Local authorities did not say how they planned to enforce the rule

A Spanish city is set to fine tourists £645 if they are caught urinating in the sea.

The city council in Vigo, Galicia, has passed legislation banning “physiological evacuation on the beach or in the sea”, slapping a fine of €750 (£645) on anyone caught short while in the shallows.

Under the new rules, public urination in beach areas has been made a “minor infraction” and “an infringement of hygiene and sanitary regulations”.

The council has not clarified how they plan to enforce the rule or monitor swimmers and paddlers on local beaches, though it has said it will also install public toilets on the city beach as another measure to combat “sea wees”.

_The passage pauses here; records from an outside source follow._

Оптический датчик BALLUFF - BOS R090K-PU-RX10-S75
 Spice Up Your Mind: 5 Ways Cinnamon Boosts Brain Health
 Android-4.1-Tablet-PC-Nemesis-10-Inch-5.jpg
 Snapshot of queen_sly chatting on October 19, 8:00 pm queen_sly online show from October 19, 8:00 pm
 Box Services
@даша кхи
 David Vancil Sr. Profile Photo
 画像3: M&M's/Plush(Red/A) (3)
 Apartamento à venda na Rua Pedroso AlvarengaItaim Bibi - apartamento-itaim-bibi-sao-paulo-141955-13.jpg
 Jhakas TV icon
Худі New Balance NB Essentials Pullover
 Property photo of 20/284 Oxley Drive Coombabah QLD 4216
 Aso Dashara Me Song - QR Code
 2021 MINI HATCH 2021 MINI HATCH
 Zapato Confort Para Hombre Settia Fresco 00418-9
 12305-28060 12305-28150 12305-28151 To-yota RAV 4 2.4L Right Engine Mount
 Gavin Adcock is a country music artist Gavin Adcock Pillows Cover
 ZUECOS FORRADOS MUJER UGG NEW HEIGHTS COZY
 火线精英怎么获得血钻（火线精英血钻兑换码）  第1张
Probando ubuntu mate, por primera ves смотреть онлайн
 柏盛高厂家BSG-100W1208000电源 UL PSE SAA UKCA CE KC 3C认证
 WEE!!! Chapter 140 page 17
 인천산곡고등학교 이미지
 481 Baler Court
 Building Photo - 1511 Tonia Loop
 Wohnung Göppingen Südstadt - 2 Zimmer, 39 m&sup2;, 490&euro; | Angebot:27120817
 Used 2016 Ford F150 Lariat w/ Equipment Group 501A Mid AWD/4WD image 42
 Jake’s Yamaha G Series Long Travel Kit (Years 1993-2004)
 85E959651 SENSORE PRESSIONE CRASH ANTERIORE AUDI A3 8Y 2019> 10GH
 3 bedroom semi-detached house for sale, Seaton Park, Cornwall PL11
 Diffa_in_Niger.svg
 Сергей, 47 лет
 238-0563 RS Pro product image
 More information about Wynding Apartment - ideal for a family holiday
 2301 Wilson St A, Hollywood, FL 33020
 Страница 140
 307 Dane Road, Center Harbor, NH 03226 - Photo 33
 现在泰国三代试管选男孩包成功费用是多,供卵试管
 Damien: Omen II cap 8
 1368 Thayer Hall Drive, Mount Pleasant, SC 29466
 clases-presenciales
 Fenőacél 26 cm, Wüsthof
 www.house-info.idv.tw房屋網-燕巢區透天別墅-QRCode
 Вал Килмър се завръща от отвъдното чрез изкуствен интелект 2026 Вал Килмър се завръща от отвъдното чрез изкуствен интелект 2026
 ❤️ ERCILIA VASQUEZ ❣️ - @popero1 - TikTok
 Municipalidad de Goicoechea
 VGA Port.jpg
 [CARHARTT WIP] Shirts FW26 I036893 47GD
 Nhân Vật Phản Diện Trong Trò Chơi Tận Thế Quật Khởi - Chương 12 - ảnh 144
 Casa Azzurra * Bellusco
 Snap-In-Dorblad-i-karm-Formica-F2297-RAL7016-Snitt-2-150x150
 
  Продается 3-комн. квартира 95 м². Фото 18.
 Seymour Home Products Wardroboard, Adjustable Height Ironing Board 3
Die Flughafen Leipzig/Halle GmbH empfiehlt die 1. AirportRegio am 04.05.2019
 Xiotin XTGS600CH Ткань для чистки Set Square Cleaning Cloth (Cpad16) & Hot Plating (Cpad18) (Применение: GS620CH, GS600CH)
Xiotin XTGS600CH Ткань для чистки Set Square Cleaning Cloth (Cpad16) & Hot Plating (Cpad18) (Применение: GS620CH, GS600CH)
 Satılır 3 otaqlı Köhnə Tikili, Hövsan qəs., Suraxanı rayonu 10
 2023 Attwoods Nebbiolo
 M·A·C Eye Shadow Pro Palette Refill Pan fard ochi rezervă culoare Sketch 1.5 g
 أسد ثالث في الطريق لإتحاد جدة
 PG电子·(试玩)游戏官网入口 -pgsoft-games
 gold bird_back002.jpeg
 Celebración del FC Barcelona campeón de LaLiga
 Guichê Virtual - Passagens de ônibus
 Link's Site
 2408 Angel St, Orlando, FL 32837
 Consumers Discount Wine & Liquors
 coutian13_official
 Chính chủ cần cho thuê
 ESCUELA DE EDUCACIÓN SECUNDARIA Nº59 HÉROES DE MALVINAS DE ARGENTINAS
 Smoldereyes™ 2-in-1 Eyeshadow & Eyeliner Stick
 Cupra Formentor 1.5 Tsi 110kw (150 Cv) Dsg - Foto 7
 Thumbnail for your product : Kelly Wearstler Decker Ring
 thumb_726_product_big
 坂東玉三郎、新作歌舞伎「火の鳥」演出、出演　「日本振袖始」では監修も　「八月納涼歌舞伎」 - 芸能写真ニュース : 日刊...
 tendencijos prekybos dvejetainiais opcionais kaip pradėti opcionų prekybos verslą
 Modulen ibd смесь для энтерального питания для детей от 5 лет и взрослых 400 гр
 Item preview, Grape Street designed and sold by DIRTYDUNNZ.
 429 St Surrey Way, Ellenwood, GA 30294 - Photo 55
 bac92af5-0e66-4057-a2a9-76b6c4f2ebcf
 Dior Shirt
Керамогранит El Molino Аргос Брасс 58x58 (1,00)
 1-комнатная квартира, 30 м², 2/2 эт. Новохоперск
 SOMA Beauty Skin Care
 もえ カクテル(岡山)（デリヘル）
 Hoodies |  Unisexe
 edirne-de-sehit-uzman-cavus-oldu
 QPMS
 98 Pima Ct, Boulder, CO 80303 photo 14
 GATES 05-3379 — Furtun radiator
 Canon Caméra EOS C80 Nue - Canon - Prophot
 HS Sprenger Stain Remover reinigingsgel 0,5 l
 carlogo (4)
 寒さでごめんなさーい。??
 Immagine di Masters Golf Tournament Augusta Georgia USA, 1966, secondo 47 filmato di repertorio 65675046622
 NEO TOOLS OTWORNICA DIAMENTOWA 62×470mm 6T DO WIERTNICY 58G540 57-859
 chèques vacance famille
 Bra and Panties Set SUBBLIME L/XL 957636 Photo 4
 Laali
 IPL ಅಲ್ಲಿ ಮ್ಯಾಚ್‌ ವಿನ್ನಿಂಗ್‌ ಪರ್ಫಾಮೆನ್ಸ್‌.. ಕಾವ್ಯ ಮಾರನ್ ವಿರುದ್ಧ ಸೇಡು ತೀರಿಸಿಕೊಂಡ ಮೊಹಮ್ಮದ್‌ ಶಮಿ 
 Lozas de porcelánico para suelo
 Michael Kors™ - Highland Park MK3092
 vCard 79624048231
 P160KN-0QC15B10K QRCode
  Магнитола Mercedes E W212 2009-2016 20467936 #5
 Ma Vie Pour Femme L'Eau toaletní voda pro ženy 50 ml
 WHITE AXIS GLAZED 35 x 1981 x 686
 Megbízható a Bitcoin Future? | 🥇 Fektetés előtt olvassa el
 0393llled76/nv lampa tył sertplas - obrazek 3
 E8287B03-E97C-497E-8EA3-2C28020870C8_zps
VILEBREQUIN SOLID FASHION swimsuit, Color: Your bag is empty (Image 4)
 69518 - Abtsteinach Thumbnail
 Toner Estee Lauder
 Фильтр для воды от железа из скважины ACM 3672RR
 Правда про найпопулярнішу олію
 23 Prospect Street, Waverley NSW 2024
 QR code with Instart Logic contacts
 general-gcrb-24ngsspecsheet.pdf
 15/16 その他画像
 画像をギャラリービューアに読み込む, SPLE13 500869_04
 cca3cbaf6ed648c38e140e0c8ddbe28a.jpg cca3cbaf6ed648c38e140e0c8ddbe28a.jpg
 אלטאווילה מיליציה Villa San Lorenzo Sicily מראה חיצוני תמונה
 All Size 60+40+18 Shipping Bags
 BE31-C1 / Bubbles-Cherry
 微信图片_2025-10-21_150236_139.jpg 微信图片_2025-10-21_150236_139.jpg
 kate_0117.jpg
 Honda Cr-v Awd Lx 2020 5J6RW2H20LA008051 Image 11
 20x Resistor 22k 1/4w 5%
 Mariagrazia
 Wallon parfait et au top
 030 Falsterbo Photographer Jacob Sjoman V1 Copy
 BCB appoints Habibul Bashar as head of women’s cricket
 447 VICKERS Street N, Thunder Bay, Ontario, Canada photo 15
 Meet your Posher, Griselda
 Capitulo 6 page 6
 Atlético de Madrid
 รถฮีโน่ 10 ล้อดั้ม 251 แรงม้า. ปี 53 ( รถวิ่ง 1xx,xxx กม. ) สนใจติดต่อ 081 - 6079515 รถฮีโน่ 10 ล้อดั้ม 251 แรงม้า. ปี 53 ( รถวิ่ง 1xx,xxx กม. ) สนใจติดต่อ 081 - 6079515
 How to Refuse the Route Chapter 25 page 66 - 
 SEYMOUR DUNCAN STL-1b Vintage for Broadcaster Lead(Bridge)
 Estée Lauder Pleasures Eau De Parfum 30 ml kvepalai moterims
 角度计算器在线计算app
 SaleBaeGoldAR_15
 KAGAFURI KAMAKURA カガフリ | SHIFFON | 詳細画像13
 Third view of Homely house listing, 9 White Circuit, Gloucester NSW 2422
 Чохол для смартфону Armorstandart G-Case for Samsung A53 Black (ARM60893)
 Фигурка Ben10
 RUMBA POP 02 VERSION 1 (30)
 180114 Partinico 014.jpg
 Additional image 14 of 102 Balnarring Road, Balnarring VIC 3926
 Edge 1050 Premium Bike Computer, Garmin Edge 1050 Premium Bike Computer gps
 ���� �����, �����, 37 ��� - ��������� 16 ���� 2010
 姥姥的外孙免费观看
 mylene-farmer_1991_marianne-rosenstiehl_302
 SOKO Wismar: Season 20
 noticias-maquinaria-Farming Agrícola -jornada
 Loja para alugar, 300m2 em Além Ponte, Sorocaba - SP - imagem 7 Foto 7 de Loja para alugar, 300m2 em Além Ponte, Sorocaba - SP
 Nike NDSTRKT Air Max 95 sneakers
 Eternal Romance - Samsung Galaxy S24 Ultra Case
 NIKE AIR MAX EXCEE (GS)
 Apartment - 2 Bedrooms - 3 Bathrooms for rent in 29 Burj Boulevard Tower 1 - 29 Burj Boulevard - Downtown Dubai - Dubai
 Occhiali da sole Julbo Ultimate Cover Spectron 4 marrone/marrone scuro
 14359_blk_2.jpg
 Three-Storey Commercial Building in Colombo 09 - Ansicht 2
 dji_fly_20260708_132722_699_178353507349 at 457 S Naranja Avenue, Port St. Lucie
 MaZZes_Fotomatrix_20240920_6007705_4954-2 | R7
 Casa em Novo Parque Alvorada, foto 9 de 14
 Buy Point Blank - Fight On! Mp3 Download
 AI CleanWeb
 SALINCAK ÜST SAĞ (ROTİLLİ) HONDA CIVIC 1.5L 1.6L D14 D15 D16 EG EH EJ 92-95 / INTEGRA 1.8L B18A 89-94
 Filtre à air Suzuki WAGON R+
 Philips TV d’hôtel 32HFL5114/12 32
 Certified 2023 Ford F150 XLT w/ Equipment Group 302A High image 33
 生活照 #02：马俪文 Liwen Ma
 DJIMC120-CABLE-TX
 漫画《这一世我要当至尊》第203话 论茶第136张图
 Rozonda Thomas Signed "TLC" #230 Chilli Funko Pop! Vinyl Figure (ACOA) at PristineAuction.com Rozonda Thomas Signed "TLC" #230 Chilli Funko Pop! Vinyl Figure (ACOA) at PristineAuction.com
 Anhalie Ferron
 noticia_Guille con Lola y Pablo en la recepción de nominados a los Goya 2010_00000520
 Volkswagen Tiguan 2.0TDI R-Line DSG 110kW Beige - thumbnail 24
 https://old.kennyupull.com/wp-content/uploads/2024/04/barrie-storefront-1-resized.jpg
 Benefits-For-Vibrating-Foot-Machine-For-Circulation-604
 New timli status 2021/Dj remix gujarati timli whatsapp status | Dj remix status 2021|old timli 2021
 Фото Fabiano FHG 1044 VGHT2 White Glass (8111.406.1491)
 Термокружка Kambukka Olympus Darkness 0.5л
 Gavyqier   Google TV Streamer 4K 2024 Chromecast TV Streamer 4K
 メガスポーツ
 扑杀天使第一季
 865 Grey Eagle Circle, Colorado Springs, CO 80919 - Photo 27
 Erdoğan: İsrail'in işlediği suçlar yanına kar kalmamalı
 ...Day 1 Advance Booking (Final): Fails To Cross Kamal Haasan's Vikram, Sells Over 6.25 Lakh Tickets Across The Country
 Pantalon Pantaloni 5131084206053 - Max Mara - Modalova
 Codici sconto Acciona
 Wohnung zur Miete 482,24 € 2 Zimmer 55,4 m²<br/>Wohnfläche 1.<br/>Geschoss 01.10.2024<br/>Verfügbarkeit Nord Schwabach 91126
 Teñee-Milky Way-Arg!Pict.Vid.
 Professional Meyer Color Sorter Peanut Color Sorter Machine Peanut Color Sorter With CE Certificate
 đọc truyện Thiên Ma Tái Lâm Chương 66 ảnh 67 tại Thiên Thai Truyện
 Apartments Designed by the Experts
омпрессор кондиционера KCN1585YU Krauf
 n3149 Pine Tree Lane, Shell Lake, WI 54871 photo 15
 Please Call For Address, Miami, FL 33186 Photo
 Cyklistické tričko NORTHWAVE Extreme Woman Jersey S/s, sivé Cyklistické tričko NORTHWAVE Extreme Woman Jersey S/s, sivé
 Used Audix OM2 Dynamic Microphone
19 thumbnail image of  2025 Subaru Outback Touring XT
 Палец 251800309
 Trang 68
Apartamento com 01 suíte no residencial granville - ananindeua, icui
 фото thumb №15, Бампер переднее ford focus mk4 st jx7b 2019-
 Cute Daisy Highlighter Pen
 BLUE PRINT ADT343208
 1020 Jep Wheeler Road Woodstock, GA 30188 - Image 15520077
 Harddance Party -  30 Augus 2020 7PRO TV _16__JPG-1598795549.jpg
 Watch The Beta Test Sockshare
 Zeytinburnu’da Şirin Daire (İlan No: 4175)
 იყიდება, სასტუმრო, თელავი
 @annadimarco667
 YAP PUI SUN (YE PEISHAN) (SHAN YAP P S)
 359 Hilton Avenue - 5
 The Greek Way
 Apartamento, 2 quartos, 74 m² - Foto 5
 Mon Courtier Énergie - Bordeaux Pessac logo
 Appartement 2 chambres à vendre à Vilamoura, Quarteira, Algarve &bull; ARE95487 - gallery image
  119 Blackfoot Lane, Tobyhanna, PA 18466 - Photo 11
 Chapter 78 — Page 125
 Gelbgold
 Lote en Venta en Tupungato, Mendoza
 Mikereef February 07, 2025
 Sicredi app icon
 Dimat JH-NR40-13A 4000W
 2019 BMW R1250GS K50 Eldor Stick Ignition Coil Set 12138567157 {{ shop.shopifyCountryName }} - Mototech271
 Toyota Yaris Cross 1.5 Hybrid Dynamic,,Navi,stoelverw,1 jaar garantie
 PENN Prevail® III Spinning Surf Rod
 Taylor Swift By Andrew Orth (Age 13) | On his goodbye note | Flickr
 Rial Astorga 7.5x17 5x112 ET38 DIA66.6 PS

In the same move, Vigo council banned the use of soaps and shampoos in the sea, as well as washing cooking utensils in sea water.

It’s not the first coastal city in Spain to impose such a ban - in 2017, San Pedro del Pinatar in Murcia, southeastern Spain, banned urination in the sea, as well as nude sunbathing, bat and ball games and reserving beach space with a towel.

Holidaymakers falling foul of the nudity rules in San Pedro can also face €750 fines.

Meanwhile, lighting a disposable barbecue on the same beach could land you a fine of as much as €1,500 (£1,289).

Spain is cracking down on drunk, disorderly and inappropriately dressed tourists in general this year, with some local authorities singling out British tourists as part of the problem.